Healtcare expenditures are increasing as the population ages, and the cost of health insurance is increasing as third party payors increase profit margins.

BUT -- The actual payments to doctors for procedure code specific items is decreasing!!

As a surgeon I am paid 50% less today for a given procedure code charge than I was 10 years ago. Most physicians have seen their actual re-reimbursements from private insurance and Medicare/Medicaid decrease for any given claim code.

I lose money on every Medicare- medicaid patient. I see them because I am required to in order to be on Hospital staff - and that is only because the hospital has to require participation in order for them to be paid.

The solution is competition. HSA's are the answer, but Obama is doing all he can to make them ineffective. Every doctor I know is willing to compete on the basis of quality, cost, access, availability, bedside manner, etc., and HSA's are the best way to do that. The folks spend their own tax favored money on the everyday stuff, with a high deductible plan to cover hospital visits, surgeries etc. It has been tested - it works, but it takes control away from corrupt, power hungry politicians like Obama and his socialist democrat accomplices.

Sunday, January 20, 2013 at 1:34 PM

Pastor Dan, RN in Vermont replied:

Great diagnoses. If only the sick leaders would accept them and the plans of care that necessarily follow. But the WH and the Congress seem more bent on acting AMA!

Sunday, January 20, 2013 at 8:53 PM

G Dub45 in Lee's Summit, MO replied:

Doctor Timms - You and I ought to team up.
I am a Health, Life and Long Term Care Insurance Broker and have encouraged prospective clients to look into MSAs and now HSAs forever.
They truly are very cost effective catastrophic plans. Great for those folks who rarely see their doctor or are not on maintenance scripts. It should be the program of choice for the under 30 crowd. Now, having free ( but, nothing really free is it? ) annual exams the HSAs ARE the go-to program.
Being PPO, they give the consumer the opportunity to SHOP for their care.
What a novel notion in the 'Free Market'.

But, yes, the Fascists in DC just can't allow them to compete with the Dear Leader's ACA.

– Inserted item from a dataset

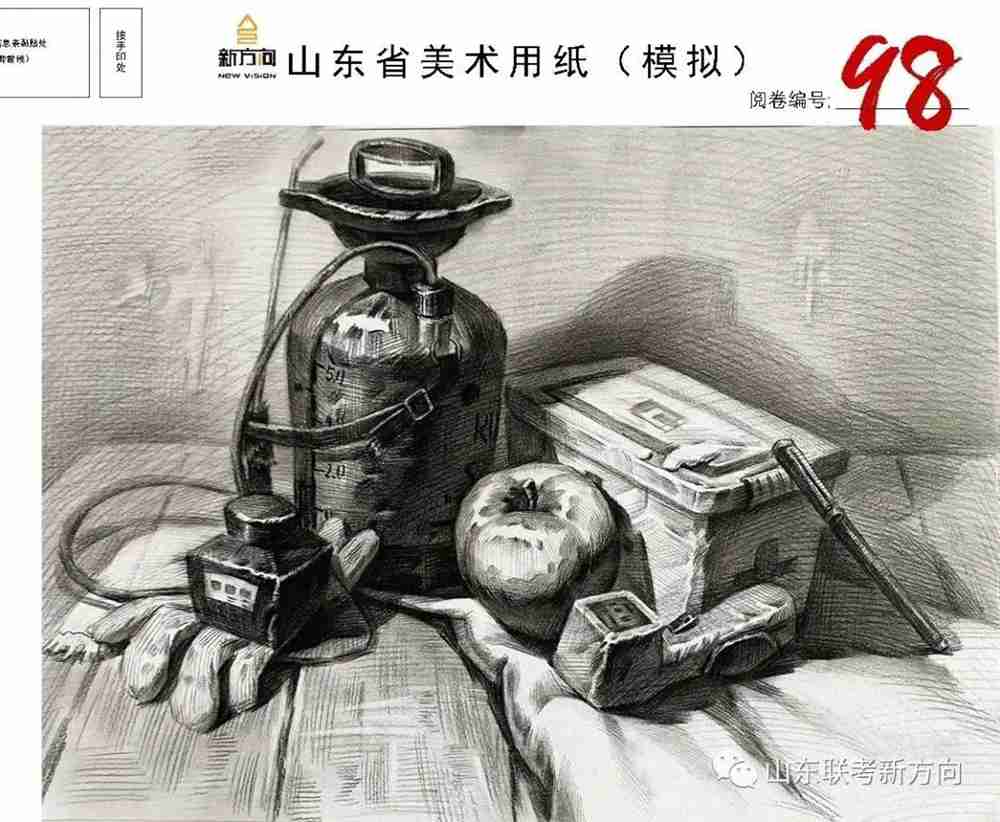 广州十大画室将各省一模素描卷放一起大pk，你找找都有哪些共同特征,43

Monday, January 21, 2013 at 9:40 AM

Eleanor in AK said:

Under the Affordable Care Act, based on "science", certain procedures will be denied for specific groups under certain conditions. This allows the average life expectancy to decline, saving all sorts of money on medicare and social security. For example, assume the average life expectancy for men is 75 and women is 78. After age 75, men would not be allowed to have prostate screening. After age 78, women would not receive pap smears or mamograms. Since it takes about 20 years to die of liver failure, screening for Hep A, B, or C would be prohibited after age 55 for men and 58 for women. Access to colonoscopy is currently restristed because the risk of punchure increases as the skin thins. A person discharged from the hospital may not be readmitted for two weeks, which is plenty of time to die from MRSA infections acquired during the hospital stay. This is just the beginning of limited access to care. Eventually, anyone not working wiill be denied routine health screenings. The annual physical will be a benefit of being rich, because only someone with cash will be able to afford it.
The push back will come from Big Pharma who have spent billions developing drugs to treat Alzheimer's, high cholestrol and high blood pressure medications. Although they colluded with Congress to pass this bill, they are going to be very surprised to find demand for their products declining. Today, many doctors are willing to see medicare and medicaid patients because the reimbursement rates are so low. Who will prescribe the pills if doctors won't?

Monday, January 21, 2013 at 3:31 PM

Tod the tool guy in brooklyn ny said:

Health Care in the private arena has done well, only increasing in cost by 3.9% over the last two years. The PPACA 2010 will be a Marx/engels TRAIN WRECK-completely off the rails! FOWARD KOMRADZ!!